> **What is required**: What you write should match, word for word, the lines from the one containing "Here is where" through the end of the data, with no pictures.

> **Data extract**:
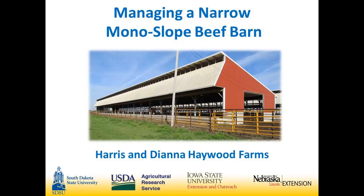This is Harris and Diana Haywood. Harris and Diana both have a narrow monosloat barn, and in reference to some of the questions earlier, I think they can give their opinion of what's worked for them. Diana said she was going to serve as a backup, and right now we'll have Harris do the presentation.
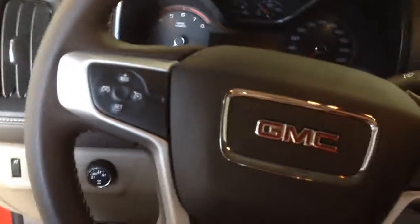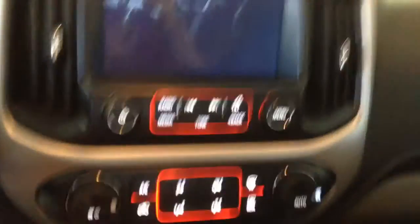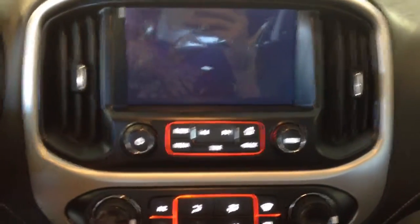Steering wheel controls for cruise control, volume controls, media controls, and display controls. It has a touchscreen display with AM, FM, and satellite radio, and in-car Wi-Fi.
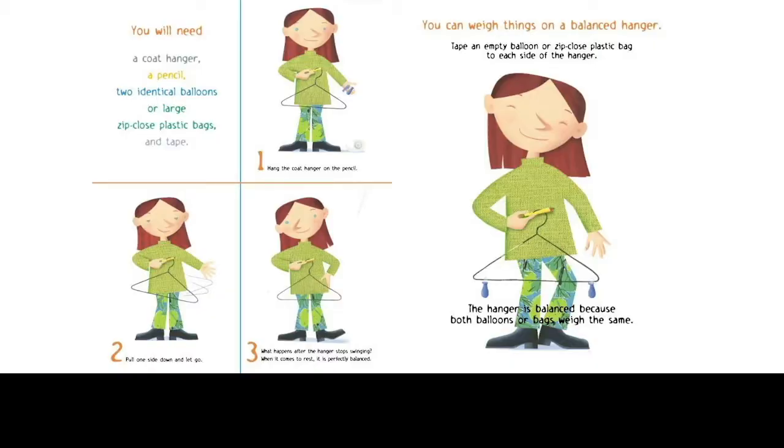Here is where we do a little bit with apparatus, which is part of what science is. You have to find a device you can use to weigh air. I like to find things that are usually around the house. Here is one of the activities in the book. You will need a coat hanger, a pencil, two identical balloons or large zip-closed plastic bags, and tape. You hang the coat hanger on a pencil. You lower one end — it jiggles, sliding along the pencil — and you'll see it swings back and forth until it comes to rest. If it's a well-designed hanger, it finds its own center of gravity, so it comes to rest where it's balanced.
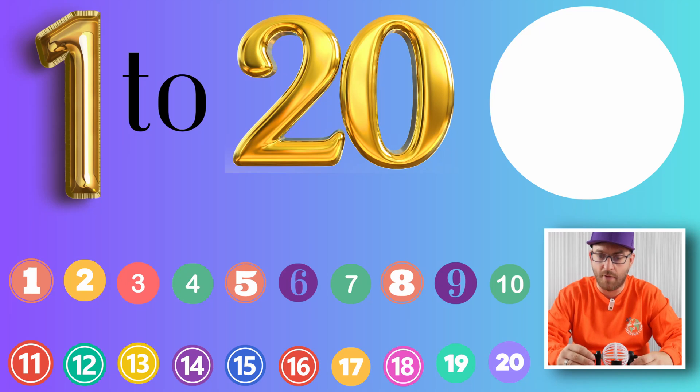Okay, so here we go, eyes down everybody! The first number out, on its own, the number 4.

> **Answer to this exercise**:
Here is where we do a little bit with apparatus, which is part of what science is. You have to find a device you can use to weigh air. I like to find things that are usually around the house. Here is one of the activities in the book. You will need a coat hanger, a pencil, two identical balloons or large zip-closed plastic bags, and tape. You hang the coat hanger on a pencil. You lower one end — it jiggles, sliding along the pencil — and you'll see it swings back and forth until it comes to rest. If it's a well-designed hanger, it finds its own center of gravity, so it comes to rest where it's balanced.
Okay, so here we go, eyes down everybody! The first number out, on its own, the number 4.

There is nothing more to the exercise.